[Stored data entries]
□ □ □ □ □
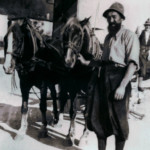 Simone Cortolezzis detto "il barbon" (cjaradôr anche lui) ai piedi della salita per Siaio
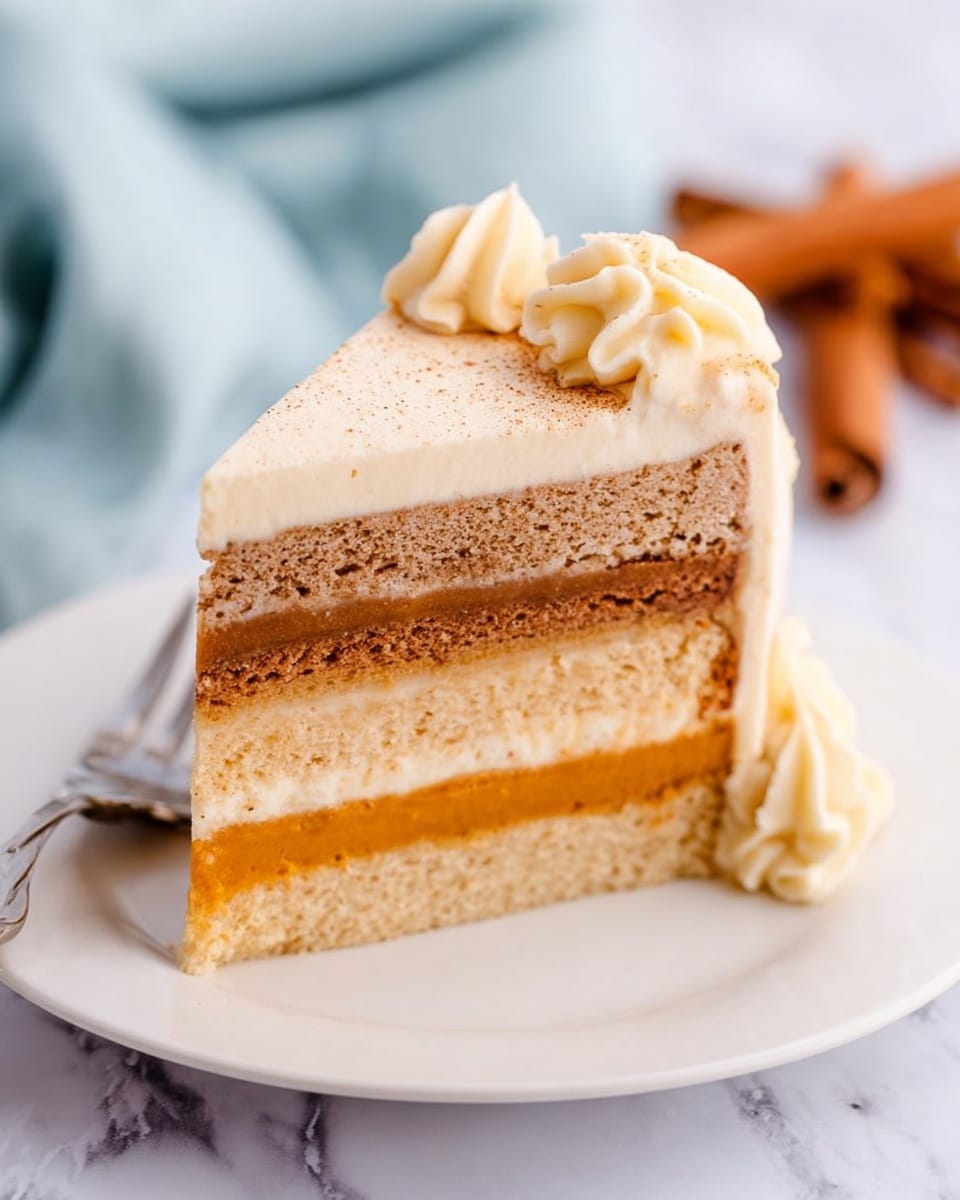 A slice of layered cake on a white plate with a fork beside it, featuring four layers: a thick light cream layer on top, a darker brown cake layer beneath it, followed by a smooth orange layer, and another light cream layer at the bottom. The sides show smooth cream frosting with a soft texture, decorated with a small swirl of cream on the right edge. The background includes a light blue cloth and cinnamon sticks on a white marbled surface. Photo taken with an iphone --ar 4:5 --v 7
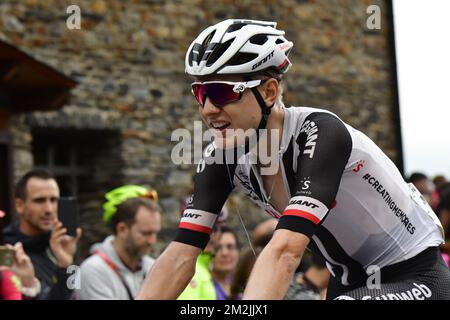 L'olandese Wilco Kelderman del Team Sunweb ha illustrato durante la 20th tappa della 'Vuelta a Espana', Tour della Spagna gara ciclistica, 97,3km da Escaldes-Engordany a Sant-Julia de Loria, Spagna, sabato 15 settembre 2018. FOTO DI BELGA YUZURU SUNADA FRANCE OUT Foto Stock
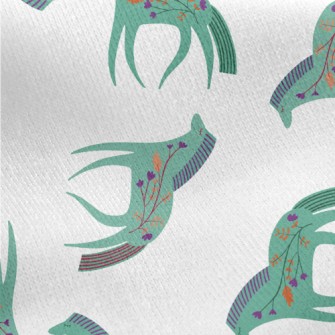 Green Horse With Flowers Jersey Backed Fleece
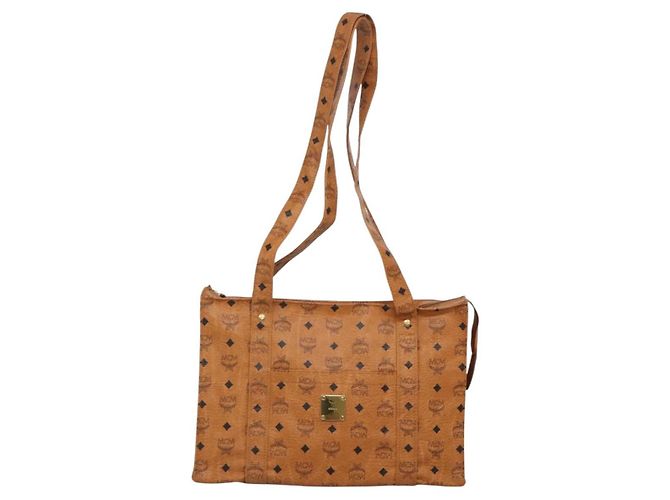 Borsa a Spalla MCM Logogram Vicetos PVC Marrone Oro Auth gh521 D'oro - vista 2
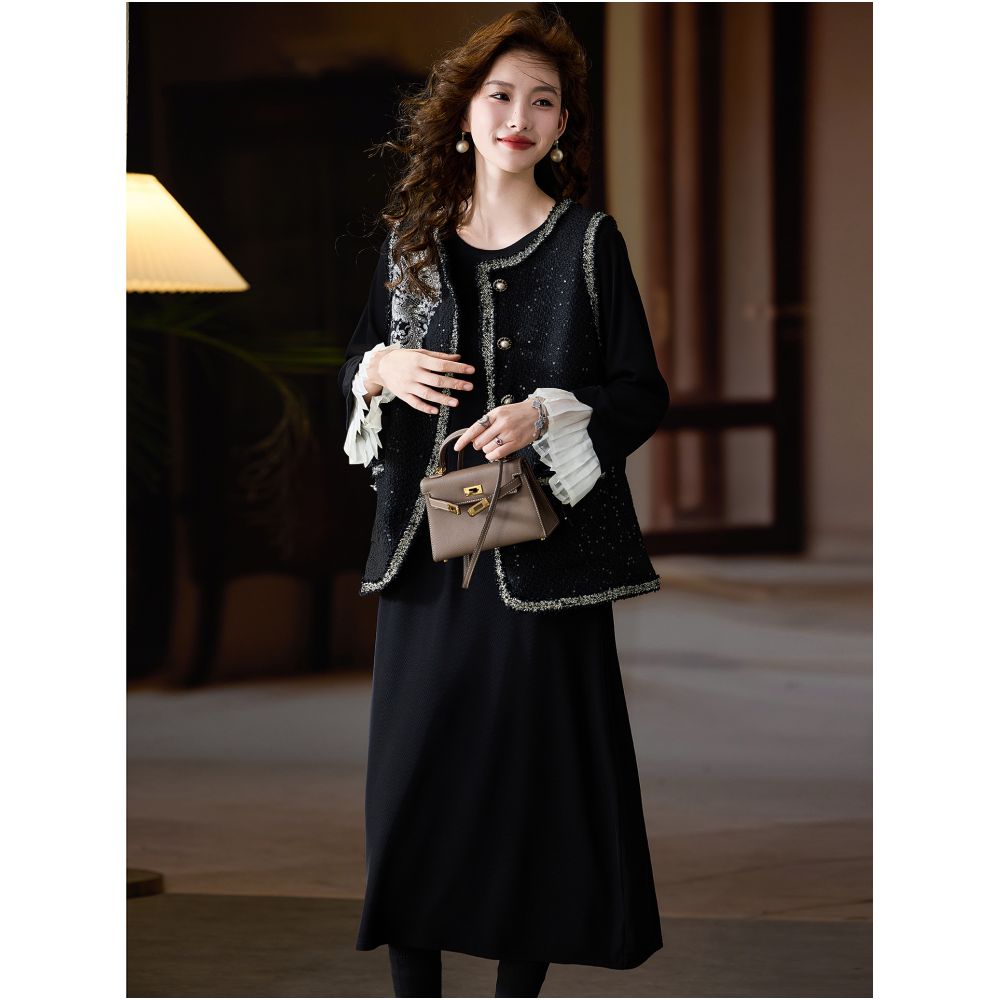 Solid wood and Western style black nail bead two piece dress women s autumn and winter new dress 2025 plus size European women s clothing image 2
□ □ □ □ □
ACTIVITY >> A faithful copy of all the data above is required, printed exactly and with no pictures.

ANSWER >>
 Simone Cortolezzis detto "il barbon" (cjaradôr anche lui) ai piedi della salita per Siaio
 A slice of layered cake on a white plate with a fork beside it, featuring four layers: a thick light cream layer on top, a darker brown cake layer beneath it, followed by a smooth orange layer, and another light cream layer at the bottom. The sides show smooth cream frosting with a soft texture, decorated with a small swirl of cream on the right edge. The background includes a light blue cloth and cinnamon sticks on a white marbled surface. Photo taken with an iphone --ar 4:5 --v 7
 L'olandese Wilco Kelderman del Team Sunweb ha illustrato durante la 20th tappa della 'Vuelta a Espana', Tour della Spagna gara ciclistica, 97,3km da Escaldes-Engordany a Sant-Julia de Loria, Spagna, sabato 15 settembre 2018. FOTO DI BELGA YUZURU SUNADA FRANCE OUT Foto Stock
 Green Horse With Flowers Jersey Backed Fleece
 Borsa a Spalla MCM Logogram Vicetos PVC Marrone Oro Auth gh521 D'oro - vista 2
 Solid wood and Western style black nail bead two piece dress women s autumn and winter new dress 2025 plus size European women s clothing image 2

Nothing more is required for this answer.